Dan sweats a lot and that's his hat after kind of a long day, after it dried.

The local hills are steep and rolling, and here's Dan zooming down one and trying to maintain speed to get up the next, and then not doing it. Most of the riding is more mellow than this, but there's a lot of this, too.

He's not time-trialing, he's just trying to keep his momemtum from the downhill into the climb. He doesn't always look like this.

He went as far as he could, then stopped where it was really steep, and fell over.

He gets pooped on top of the hills. We all do, but Dan doesn't hide it. I've seen him flat-out on his back, resting. A good role model for me!

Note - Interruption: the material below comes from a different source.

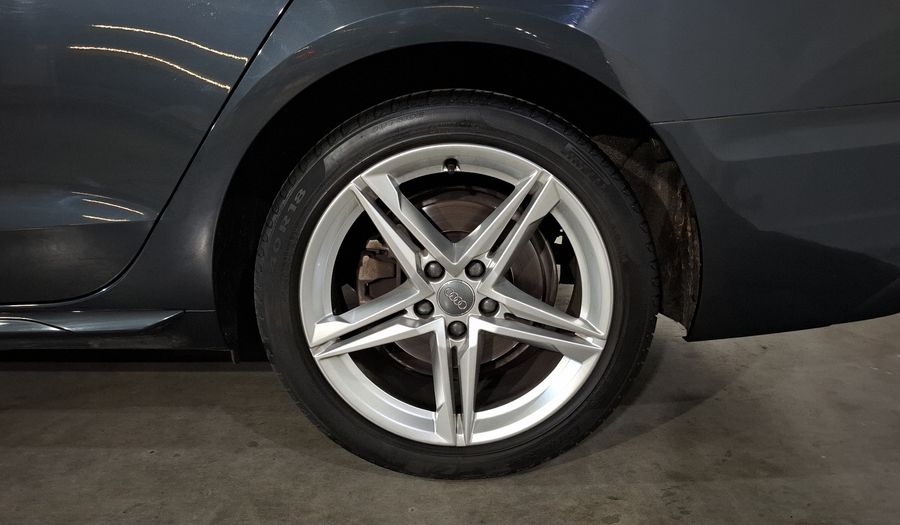 Audi A4 2.0 MHEV 40 TFSI SELECT DCT Sedan 2021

Dan's oldest daughter, 15,  plays varsity waterpolo. this isn't her, but Dan takes a lot of waterpolo pictures (digital, alas, but these would be impossible with film), and here's one he sent to the other day. I don't know who it is. I know one of the teams. The water and drops and swoosh and all that look pretty good, though, don't they?

Especially after all my grainy black and whites. The shadow of the drop of water under her left eye is pretty neat. The center of it was thin, letting a lot of light through and casting barely a shadow in the middle of the shadow from the thicker outer part of the drop. See how that could be? I could have it all wrong. If you KNOW a better explanation, tell me, OK?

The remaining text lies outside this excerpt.